Segen für Nebelhornbahn: Suche nach Lärmquellen geht weiter

16.09.2021, 02:02 Uhr | dpa

Segen für Nebelhornbahn: Suche nach Lärmquellen geht weiter. Markus Söder

Bayerns Ministerpräsident Markus Söder nimmt am Parteitag der CSU teil. Foto: Peter Kneffel/dpa/archivbild (Quelle: dpa)

Fast vier Monate nach dem Saisonstart ist am Donnerstag die runderneuerte Nebelhornbahn in Oberstdorf eingeweiht worden. Die Sanierung der 1930 eröffneten Seilbahn in den Allgäuer Alpen hat nach Angaben der Betreiber rund 55 Millionen Euro gekostet, 11 Millionen Euro steuerte der Freistaat bei. Ganz abgeschlossen sind die Arbeiten aber noch nicht: Der Hersteller sucht weiter nach Gründen, weshalb die Bahn bei vollem Tempo zu laut ist.

"Das ist nach wie vor ein laufender Prozess", sagte der Sprecher der Oberstdorf Kleinwalsertal Bergbahnen, Jörn Homburg. "Wir sind noch nicht ganz am Ziel." Zwar habe man die Resonanzgeräusche an einer Stütze im Tal, ein tiefes Brummen, inzwischen "eliminiert". Doch in der vergangenen Woche habe der Hersteller auf der Suche nach weiteren Lärmquellen wieder Teile ausgetauscht, sagte Homburg. Nun warte man auf die Ergebnisse der Messungen.

Erstmals aufgefallen waren die Geräusche beim Test der neuen Zehner-Gondeln im Frühjahr. Zwar lief die Seilbahn deutlich leiser als die vorherige Bahn mit Großkabinen, aber bei vollem Tempo wurden die zugelassenen Lärm-Grenzwerte überschritten.

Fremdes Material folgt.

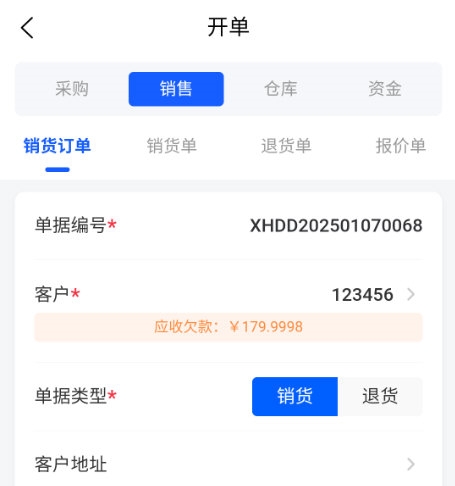 酷柚易汛ERP1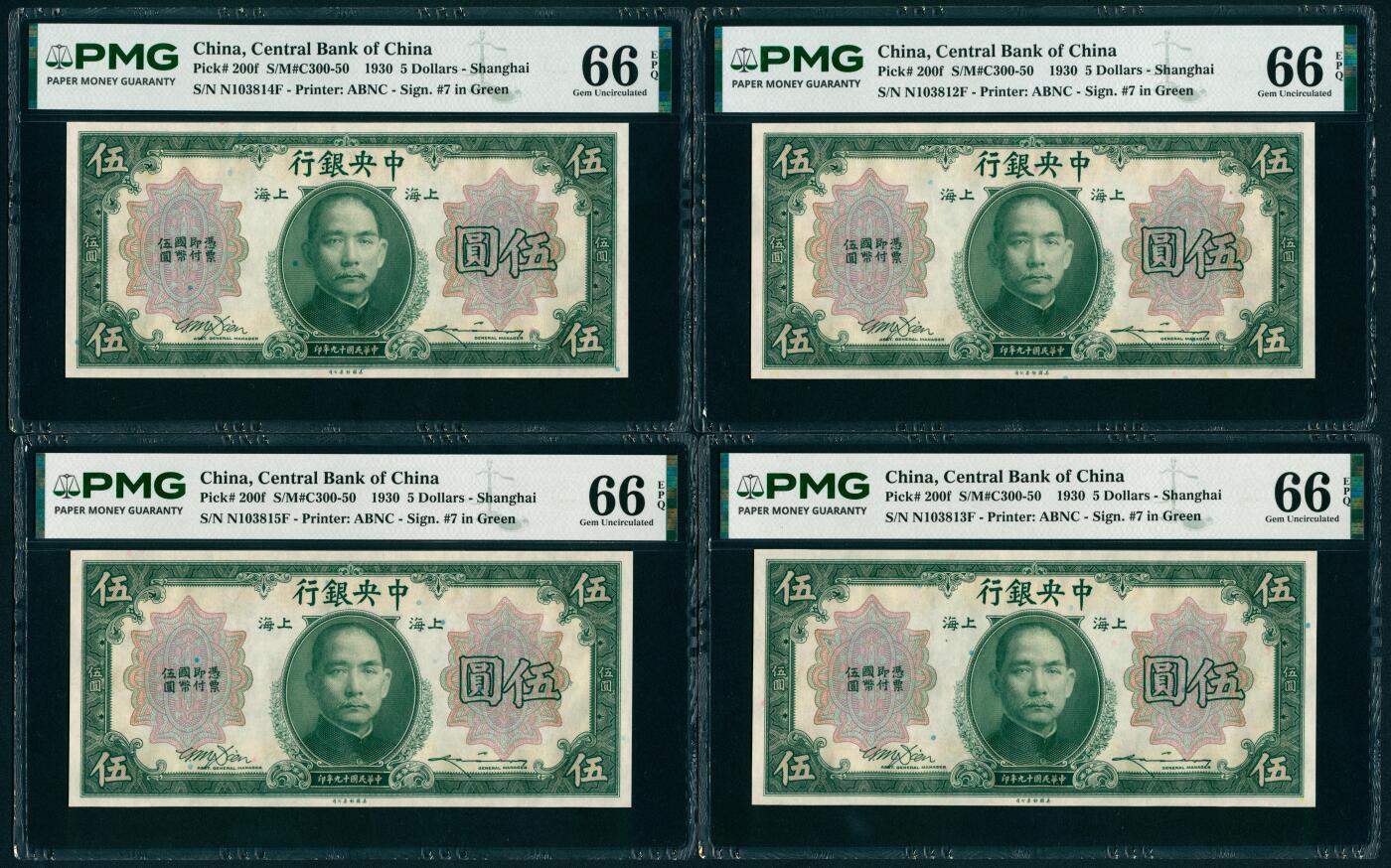 上海炎玺拍卖 玺藏千秋 民国十九年中央银行美版伍圆加盖上海连号一组5枚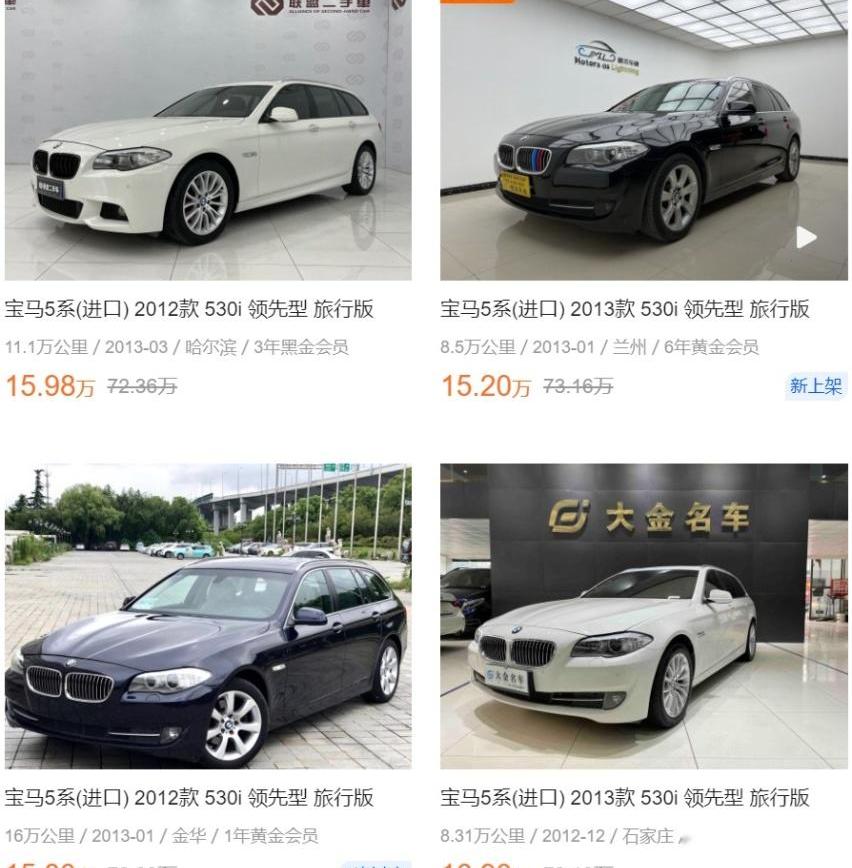 皇冠,Model 3,Mustang,奥迪,奔驰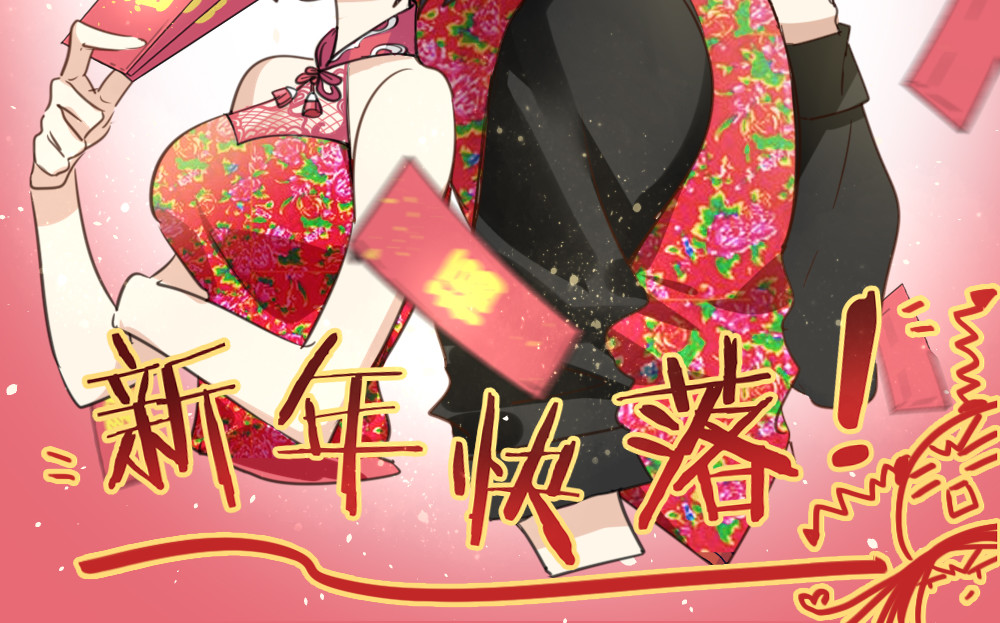 第55话 是你！ 第 122 页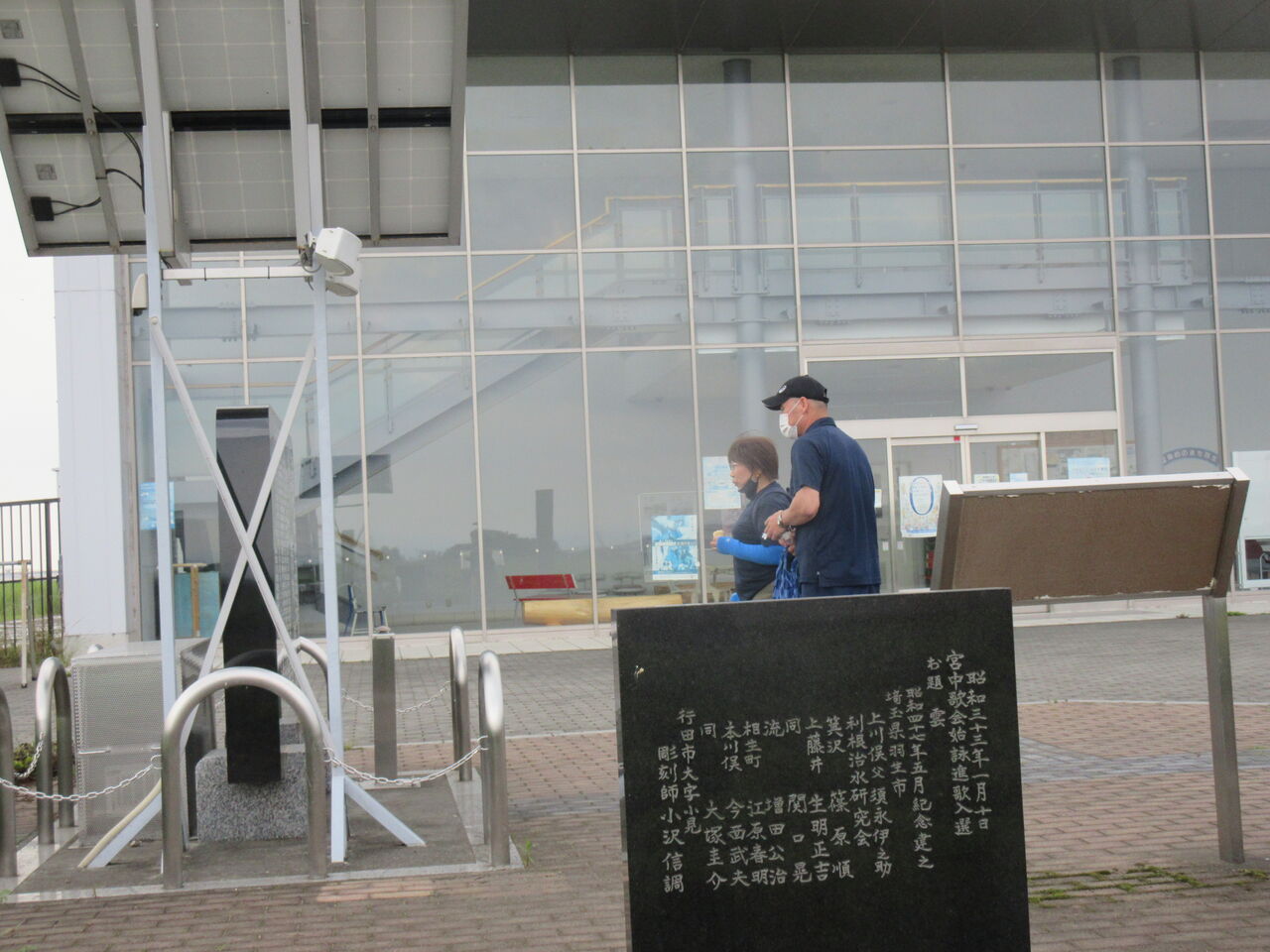 アイスナメナメ上野駅 羽生市本田ゆたかのブログ 刃物研ぎ 羽生市 本田刃物店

Seit dem Saisonstart Ende Mai fährt die Bahn daher nicht so schnell, wie sie es eigentlich könnte: Statt mit gut 25 geht es nur mit knapp 20 Kilometern pro Stunde in Richtung Bergstation. Größere Probleme für Fahrgäste habe es dadurch aber bisher nicht gegeben, betonte Bergbahn-Sprecher Homburg. "Wir hatten bei weitem nicht mehr die Wartezeiten der alten Bahn. Und es ist auch nicht so, dass wir jetzt im Schneckentempo auf den Berg fahren." Dennoch werde weiter daran gearbeitet, die Lärm-Vorgaben auch bei vollem Tempo einzuhalten, sagte Homburg. "Wir sind guter Hoffnung, dass wir das schaffen."

Eingeweiht wurde die neue Bahn dennoch schon am Donnerstag. "Wir fahren heute ein bisschen langsamer, wir fahren sozusagen im Flüstermodus", sagte Ministerpräsident Markus Söder (CSU) vor dem Segen für die Seilbahn. Das Lärmproblem sei "eine der kleinen Herausforderungen, die wir aber, glaube ich, lösen werden". Das Geld des Freistaats aus dem Förderprogramm für Seilbahnen sei in der "Wiederauferstehung" der Nebelhornbahn dennoch gut angelegt.